Speed Limit not working using limiter

phalguni

I have Done the following steps for Limiting the bandwidth per IP.

1. Firewall –-->Traffic Shaper --->limiter----> create new limiter( I have created two new limiter the are as follows ).

a) enabled the "Enable limiter and its children" --->name "up lan" ---->bandwidth "2mb"---->source address ---> mask IPV4 "8" .
b) enabled the "Enable limiter and its children" --->name "down lan" ---->bandwidth "2mb"---->source address ---> mask IPV4 "8" .

2. Firewall ---->rules ----->lan----> + (Create new rule) ---> most of the settings are unchanged, only the following settings are changed .

Protocol : TCP/UDP -----> source : single host or alias ---> put the client machine's IP -----> in/out: " down lan" "up lan" ---> then save

but when I am checking the client speed using speedtest.net , limiter not working .

Kindly guide on this.

Derelict

Ok. That's wrong.

I assume you want a 2Mb download / 2Mb upload limit per host.

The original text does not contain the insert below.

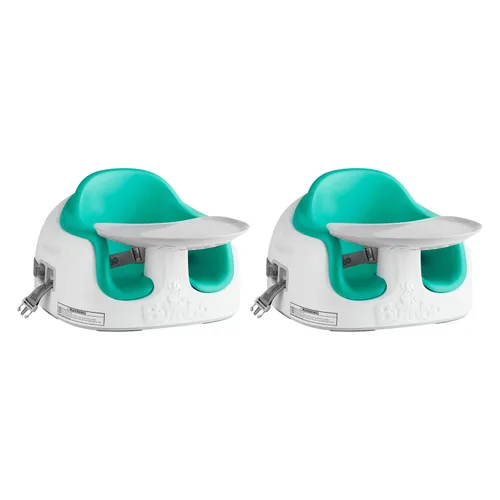 Miniatura 23 de Bumbo Asiento múltiple 3 en 1 para 6 a 36 meses, asiento de viaje para bebés y bebés para alimentar y jugar, Agave, elevador portátil todo en uno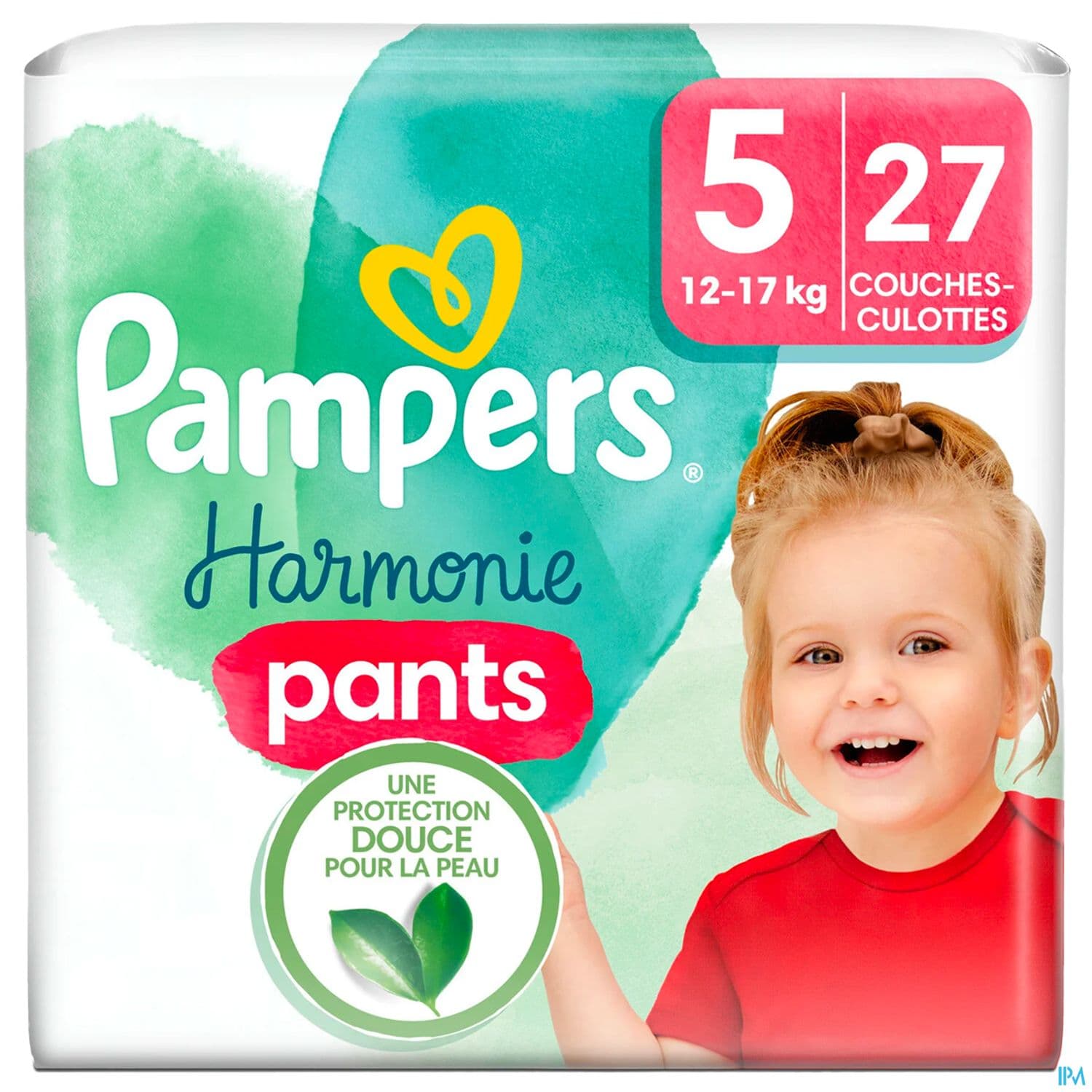Pampers Harmonie Pants Culotte T5 12/17kg 27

a) enabled the "Enable limiter and its children" –->name "up lan" ---->bandwidth "2mb"---->source address ---> mask IPV4 "8" .

Should be:

a) enabled the "Enable limiter and its children" –->name "up lan" ---->bandwidth "2mb"---->source address ---> Don't set a mask. Leave it at the default (/32)

b) enabled the "Enable limiter and its children" –->name "down lan" ---->bandwidth "2mb"---->source address ---> mask IPV4 "8" .

Should be:

b) enabled the "Enable limiter and its children" –->name "down lan" ---->bandwidth "2mb"---->dest address ---> Don't set a mask. Leave it at the default (/32)

Protocol : TCP/UDP –---> source : single host or alias ---> put the client machine's IP -----> in/out: " down lan" "up lan" ---> then save

Should be:

Protocol : TCP/UDP –---> source : single host or alias ---> put the client machine's IP -----> in/out: "up lan" "down lan" ---> then save

Make sure that rule is above anything else that matches.

phalguni

Thank you Sir,

But still it's not working. Is there any other mandatory setting.

Derelict

Post screenshots: Limiter configs, firewall rules.

lmontalvan

Hello everyone.

I too have the same problem. is a PFSense 2.2 (no update, new installation).

the traffic Shapping Works in a host, but don´t work for a network.

The rules in the Firewall is:

Proto Source Port Destination Port Gateway Queue
IPv4 TCP/UDP 10.70.240.0/21 * * 80 - 443 * none

Featur Advance:
IN/OUT –> INLAN / OUT LAN (6MB for each)

The Limiter in the Traffic Shaper:

enabled the "Enable limiter and its children" --->name "in lan" ---->bandwidth "6mb"---->source address ---> Don't set a mask
enabled the "Enable limiter and its children" --->name "out lan" ---->bandwidth "6mb"---->source address ---> Don't set a mask

The configuration is Proxy Transparent

I send the screenshots

Advance_feature.jpg_thumb
Limiter-in-lan.jpg_thumb
firewall_Rules_Edit.jpg_thumb
Limiter-out-lan.jpg_thumb
Rules_Firewall.jpg_thumb

Derelict

There are no queues defined for that rule so I don't know why you're showing that. If that's the traffic you want to limit you have to set the in/out queues on that rule.

You probably want to make an alias for ports 80 and 443 and use that instead of the range 80-443. Or make one rule for each port.

There is no need to include UDP for HTTP/HTTPS. They are both TCP-only.

lmontalvan

Hi Derelict.

Is necesary the queue?

Is not enough the limiter?

Derelict

You create the limiters, but then you need to assign traffic to the limiter queues using firewall rules. In the IN/OUT advanced section.

lmontalvan

Effectively I have it configured that way, in the screenshots I sent is the configuration

Derelict

No idea what you need to do to make it work with a proxy. sorry.

I do see one more error. You have both limiters masked by source address.

On LAN:
your out queue will be your clients' download and should be masked by dest address
your in queue will be your clients' upload and should be masked by source address.

These should be applied to your lan rules with in as in and out as out.